*GIVEN INFORMATION*:
((

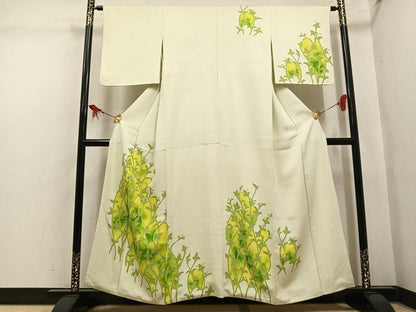 平和屋着物●訪問着　刺繍　草木文　暈し染め　正絹　逸品　AABL8875ph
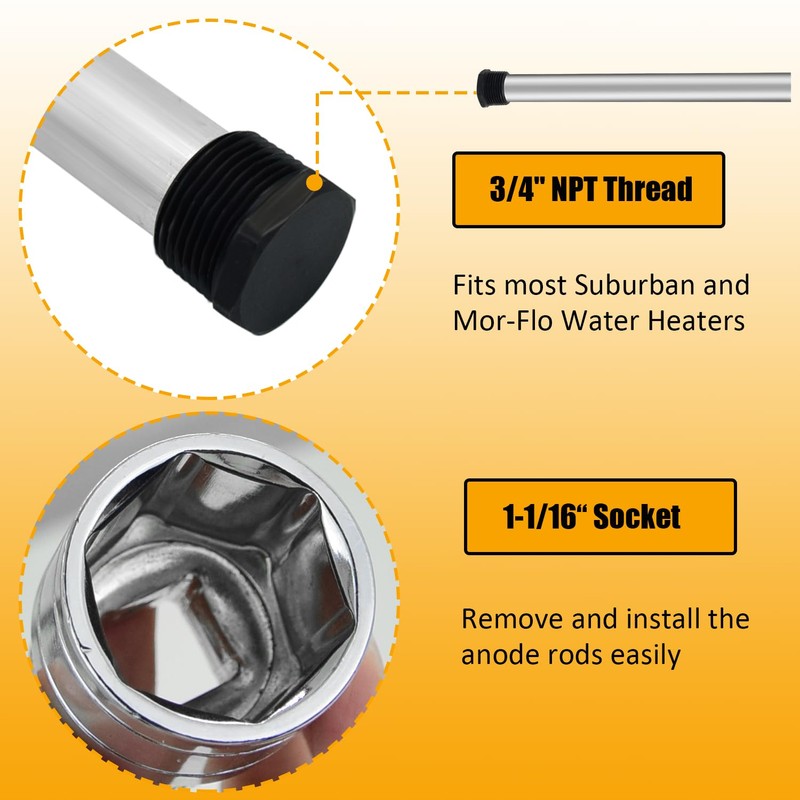 6 Pack RV Water Heater Anode Rod with Flush Wand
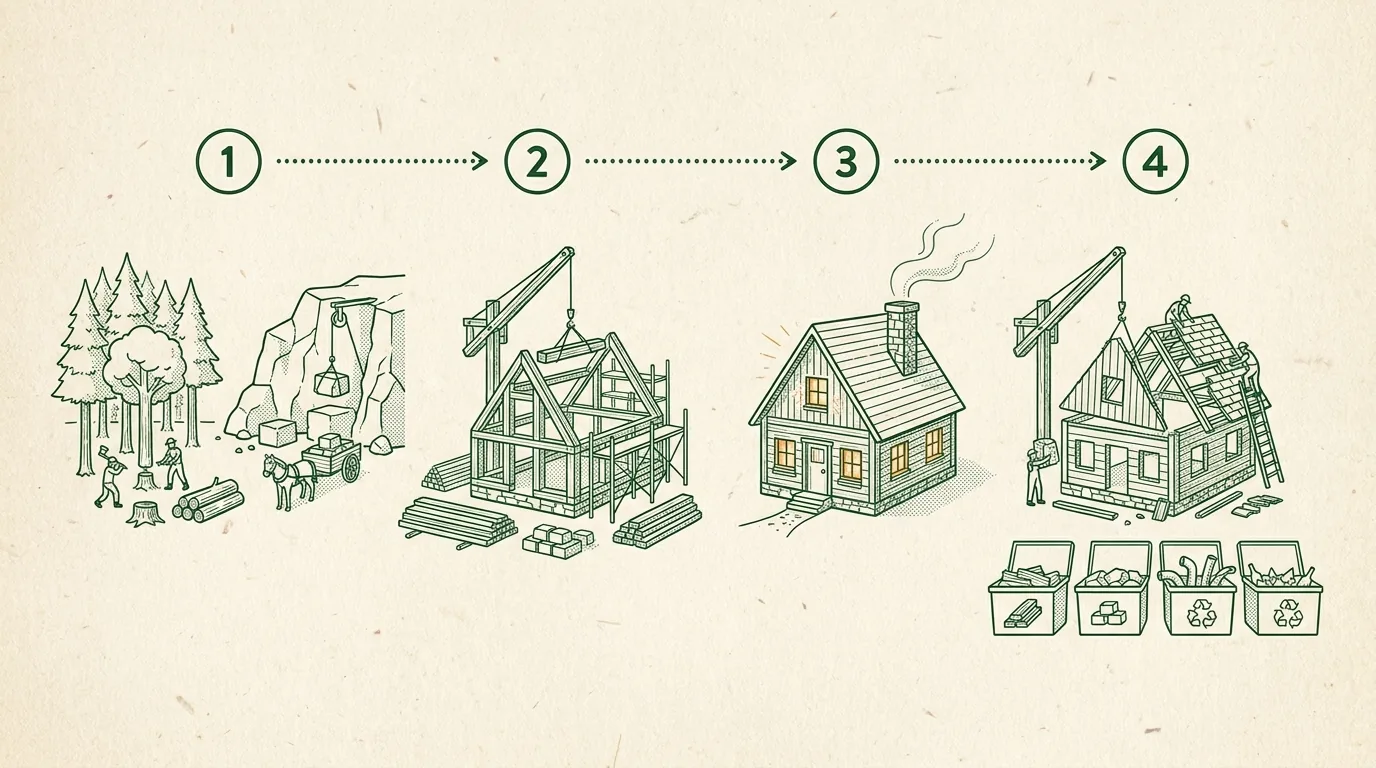 Schéma illustré du cycle de vie d'un bâtiment en 4 phases : production des matériaux, construction, exploitation et fin de vie
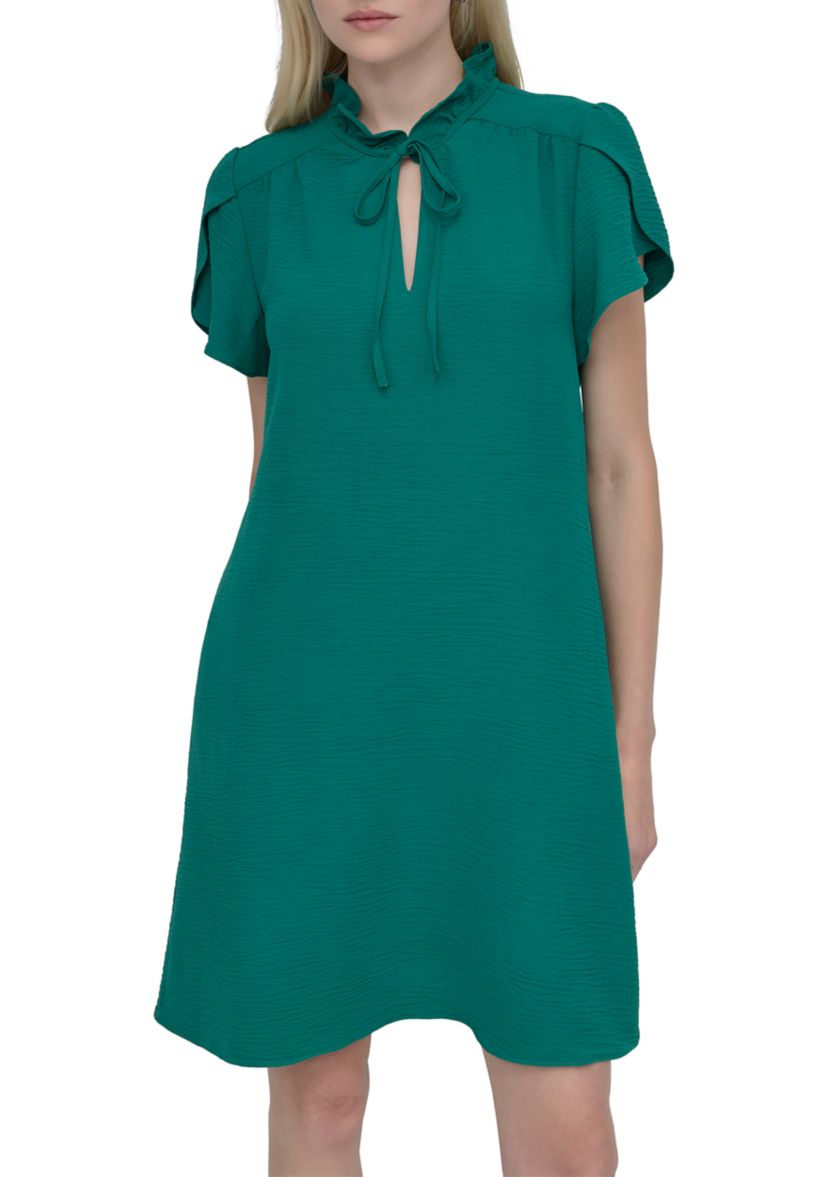 Womens Short Sleeve Ruffle Neck Solid Chiffon Shift Dress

))

The complete material, set down exactly and stripped of pictures, is the expected response.

*EXERCISE ANSWER*:
 平和屋着物●訪問着　刺繍　草木文　暈し染め　正絹　逸品　AABL8875ph
 6 Pack RV Water Heater Anode Rod with Flush Wand
 Schéma illustré du cycle de vie d'un bâtiment en 4 phases : production des matériaux, construction, exploitation et fin de vie
 Womens Short Sleeve Ruffle Neck Solid Chiffon Shift Dress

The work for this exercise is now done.